## A 65nm 8-bit All-Digital Stochastic-Compute-In-Memory **Deep Learning Processor**

Jiyue Yang, Tianmu Li, Wojciech Romaszkan, Puneet Gupta, Sudhakar Pamarti.

University of California, Los Angeles, CA.

High compute density improves the data reuse and is the key to reducing off-chip memory access and achieving high energy efficiency in ML accelerators. Compute-in-Memory (CIM) promises high compute density but requires ADCs, DACs that add to the macro's energy and area [1][2] limiting its compute density. Besides, CIM's analog compute is sensitive to process variability and mismatches. The transistor nonlinearity also significantly degrades compute accuracy. Stochastic Computing (SC), which the represents numbers as probability of 1s in random binary streams, is a digital-compute scheme that uses tiny MACs and offers high compute density without ADC/DAC (Fig. 1). Simulations show 4x reduction of memory access compared to 8b fixed-point digital accelerators due to the massive parallelism it can achieve using the tiny digital logic gates (AND/OR). However, SC suffers from high cost of binary to stochastic number conversion and compute error.
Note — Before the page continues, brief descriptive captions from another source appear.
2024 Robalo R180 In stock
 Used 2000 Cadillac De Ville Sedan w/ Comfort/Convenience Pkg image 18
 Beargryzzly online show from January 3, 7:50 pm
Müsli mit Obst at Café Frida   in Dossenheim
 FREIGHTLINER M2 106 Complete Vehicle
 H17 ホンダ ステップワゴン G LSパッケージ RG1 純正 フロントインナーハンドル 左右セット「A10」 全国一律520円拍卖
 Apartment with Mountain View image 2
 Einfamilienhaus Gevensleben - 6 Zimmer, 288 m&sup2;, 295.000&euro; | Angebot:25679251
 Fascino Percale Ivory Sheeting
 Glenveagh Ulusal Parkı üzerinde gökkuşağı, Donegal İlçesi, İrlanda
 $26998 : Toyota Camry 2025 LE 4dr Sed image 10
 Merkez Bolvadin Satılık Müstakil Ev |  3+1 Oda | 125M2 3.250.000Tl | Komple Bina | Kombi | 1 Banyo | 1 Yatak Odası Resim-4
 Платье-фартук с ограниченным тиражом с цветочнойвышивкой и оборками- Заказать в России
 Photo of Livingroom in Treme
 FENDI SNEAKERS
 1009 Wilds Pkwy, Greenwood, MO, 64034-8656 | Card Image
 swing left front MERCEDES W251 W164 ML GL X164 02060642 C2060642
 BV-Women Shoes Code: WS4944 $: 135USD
In this work, we combine SC and CIM to achieve much higher compute density and solve their respective problems. The proposed Stochastic Compute-In-Memory (SCIM) machine learning processor embeds SC MAC logic onto the SRAM's bitline and only makes 1-bit decisions that don't need DACs/ADCs. By storing the pre-generated random bitstreams: Stochastic Numbers (SNs) in the memory, stochastic number generation (SNG) cost is amortized over reuse by 32x. The SNG uses maximum-length LFSR and accurately converts binary numbers. A computation skipping technique is implemented that reduces the required bitstream length by 4x. A programmable SCIM-based CNN processor is demonstrated in 65nm and achieves 6x higher macro density and system energy efficiency of 7.96TOPS/W and macro energy efficiency of 20 TOPS/W for 8-b compute. A training algorithm that accounts for the specifics of SC is employed and accuracy comparable to 8b fixed point networks is demonstrated for MNIST and CIFAR10 datasets.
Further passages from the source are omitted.